More than 80% of consumers want chains to provide calorie information on menus, and studies have shown that consumers use this information when it is available to them. At Congress’ direction, the Food and Drug Administration (FDA) has produced a sensible rule requiring chain food retailers to provide consumers with calorie counts that they can readily use, while also providing significant flexibility for companies. A variety of restaurants, supermarkets, convenience stores, and other chains already are successfully providing this information, and FDA Commissioner Scott Gottlieb has stated that the agency will not reopen the rule. The FDA also recently issued new draft guidance answering industry questions about how to comply.
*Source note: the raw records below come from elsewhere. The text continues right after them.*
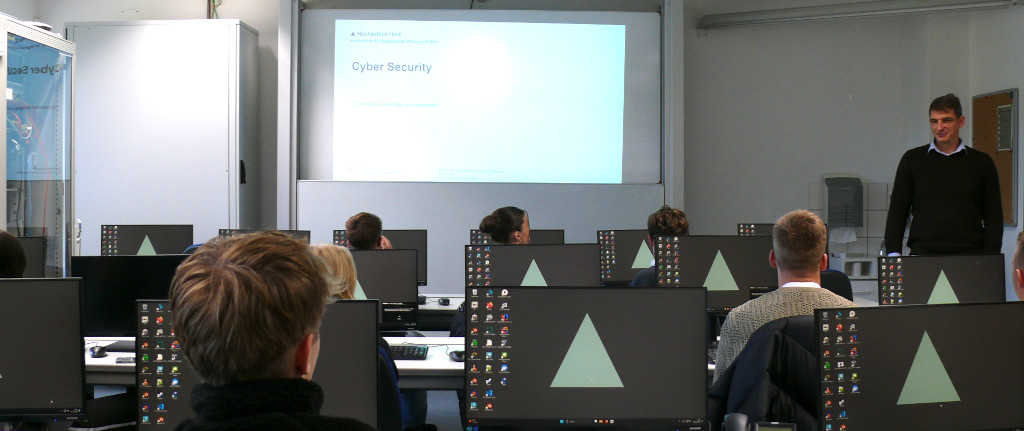 Schüller sitzen an Tischen mit Rechnern, Professor Rempel erklärt am Whiteboard Cyber Security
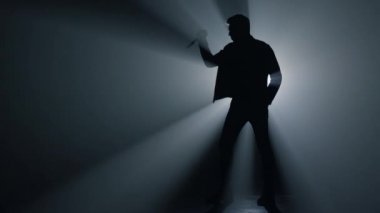 Siluet suçlusu karanlıkta bıçakla elini kaldırıyor. Tehlikeli bir suç silahı..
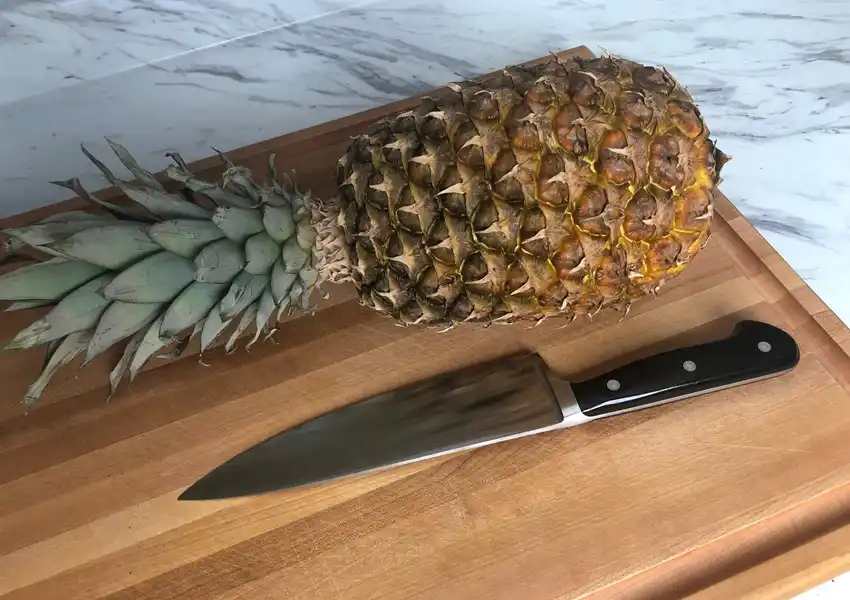 A fresh pineapple on a cuttingboard with a knife ready to be prepped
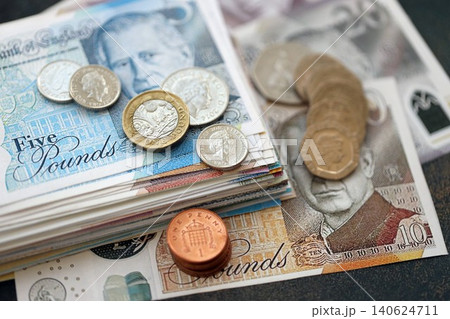 British pound money bills and penny coins pile. United Kingdom coins on banknotes of GBP currency 140624711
Despite this progress, some industry groups are pushing for measures that would weaken and delay menu labeling requirements, making it impossible for consumers to compare calorie information across chain restaurants. These proposals would play favorites and undermine the menu labeling rule, such as by carving out particular businesses from in-restaurant labeling, permitting food retailers to use arbitrary and misleading serving sizes, or allowing supermarkets and convenience stores to hide calorie information in less-visible locations than currently required.
Consumers deserve access to information in a clear, standard format that will help them make healthier food and beverage choices when they eat out, especially given that they now consume about one-third of their calories from food prepared away from home. Whether in appropriations bills or other legislation, we urge you to oppose any attempt to delay or weaken the menu labeling rule.